Faery Land
1. Now, I’m Disney
The bear’s eyes are green. Jim’s are almost black, dark little beads. The ER, Wednesday morning. Jim’s on his way home. Me, too. Jim doesn’t say what brought him here. Me, it was the usual: my troubling heart. Or maybe just its echo. Distant now from the heart attack that nearly did me in, I still feel the ghost. “Phantom pain,” they say. Slicing down my left arm, straight through the hand. “Just a little PTSD,” guessed the attending who came to visit my hospital bed at 2 a.m. The ache in my sternum made him wonder. Spreading between my shoulders like a cold hand. “You did the right thing,” said the doctor. He meant calling; he meant coming in, after the kids were asleep, so they wouldn’t notice me gone. “Don’t take chances,” he said. “Given your history.” But chances, not history, are what we’re given. That which we receive, if we’re willing.
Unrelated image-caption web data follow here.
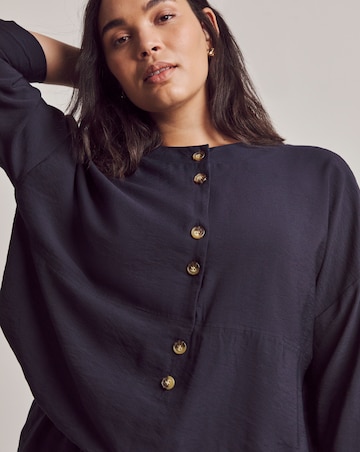 Julipa Navy Pop Over Blouse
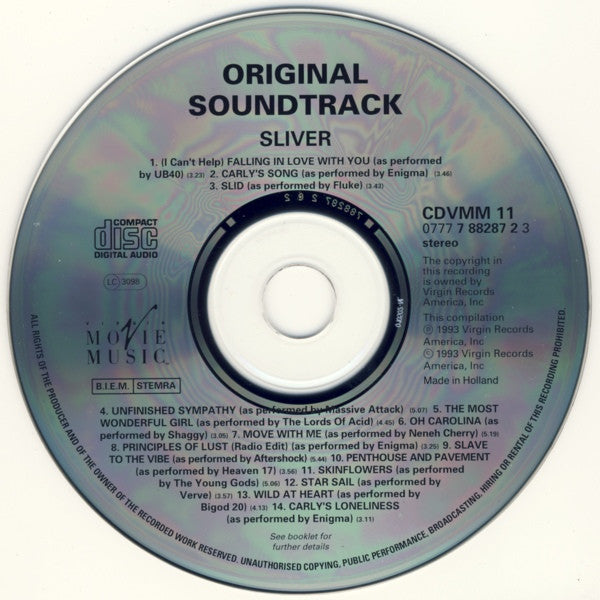 Various : Sliver (Music From The Motion Picture) (CD, Comp, RP)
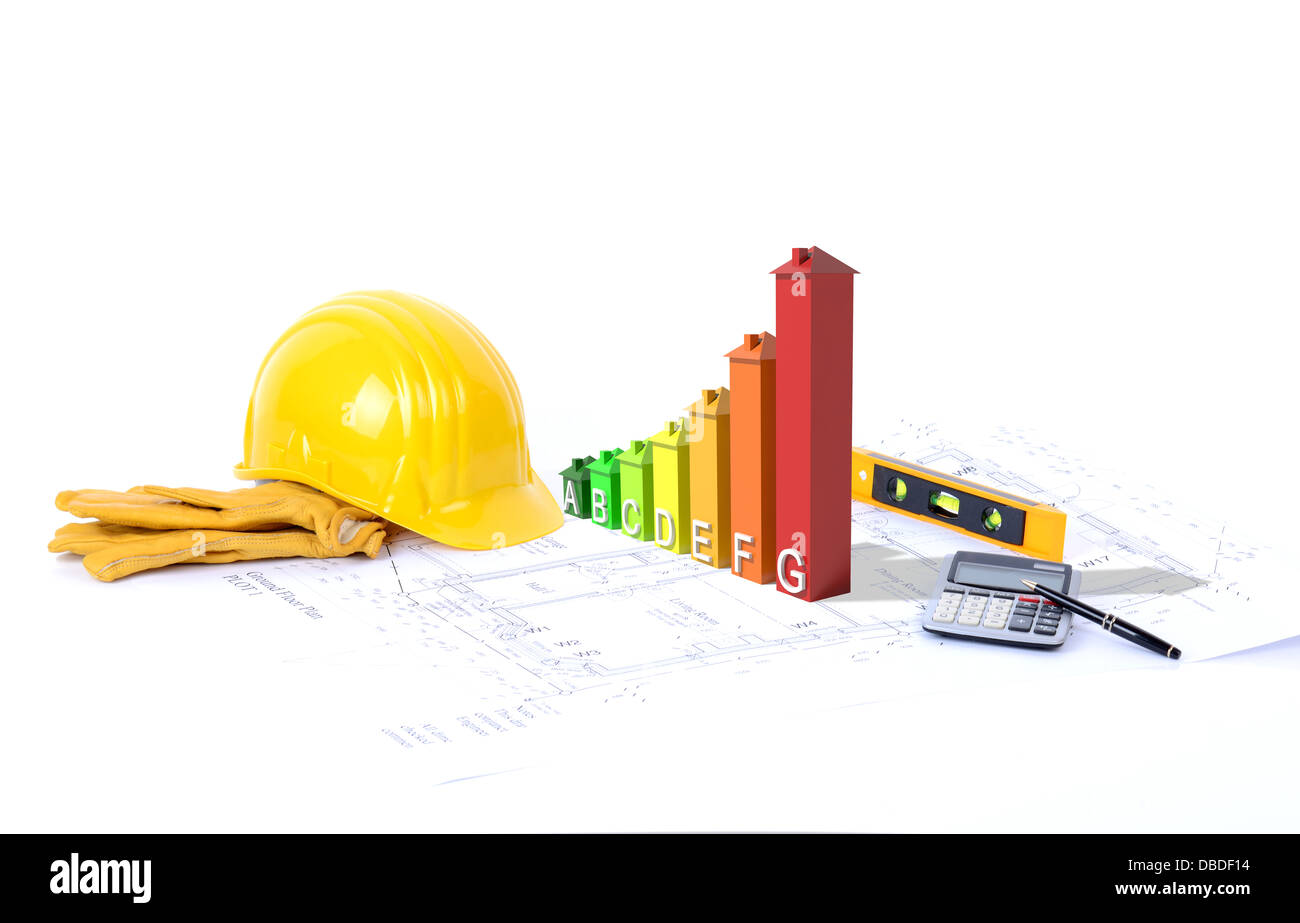 Concetto per ecologici costruzione 3d di un grafico della crescita su blueprints Foto Stock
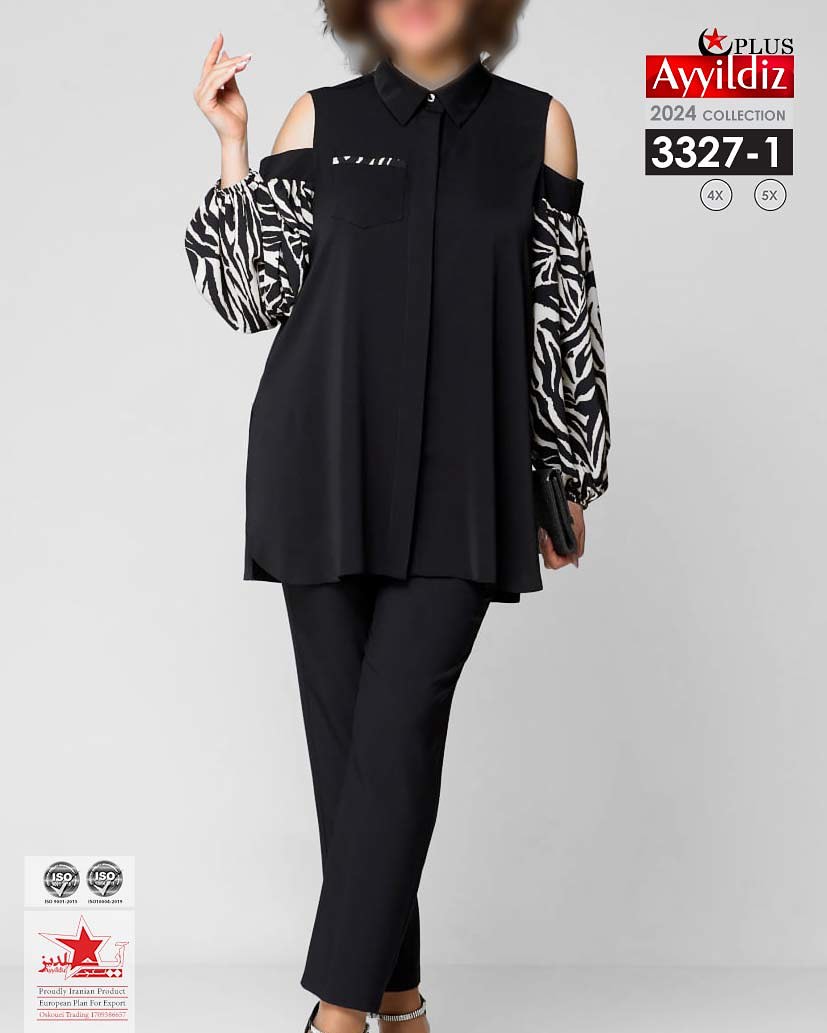 شومیز مجلسی سر آستین باز سایز بزرگ کد 3327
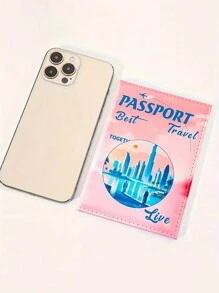 1pc Fashionable Cartoon Landscape Print Passport Cover, PU Leather Sunset Beach Scenery Print Pattern Card Holder Case, Minimalist & Portable Couples Passport Wallet, Travel Essential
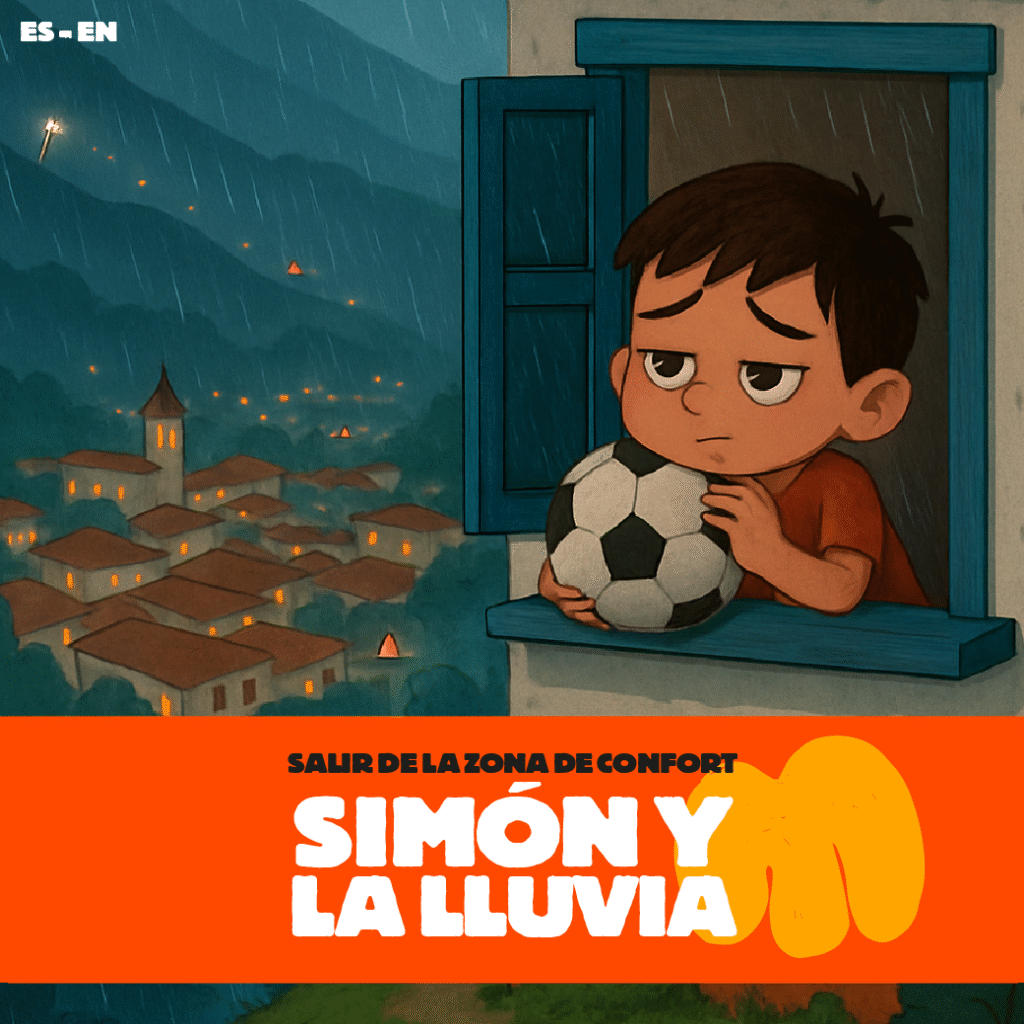 Niño escuchando la lectura del libro “Simón y la lluvia” durante el taller de OTRO Talleres, enfocado en salir de la zona de confort y enfrentar los miedos.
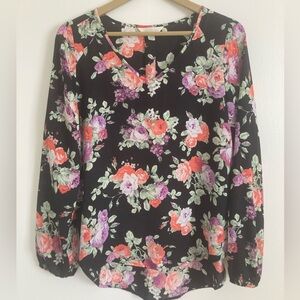 Decree navy blue, pink and purple floral long sleeve blouse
Awake, 3 a.m., 4 a.m., my eyes resting on the curtain between my bed and the hall, grateful for the softened light, like a sunrise not yet arrived.
Sixteen hours. Electrodes, blood draws, IVs, X-rays, treadmills, ultrasound, oxygen tubing wrapped around my ears, nitro hot beneath my tongue. What remains? “Phantom pain.” Or maybe it’s real. The nurse-practitioner considers. “It’s hard to say.” She—“we,” the all realize that word, , it’s a gamble. A good bet. Excellent odds. It’s a confidence game. Take it with you, when you leave.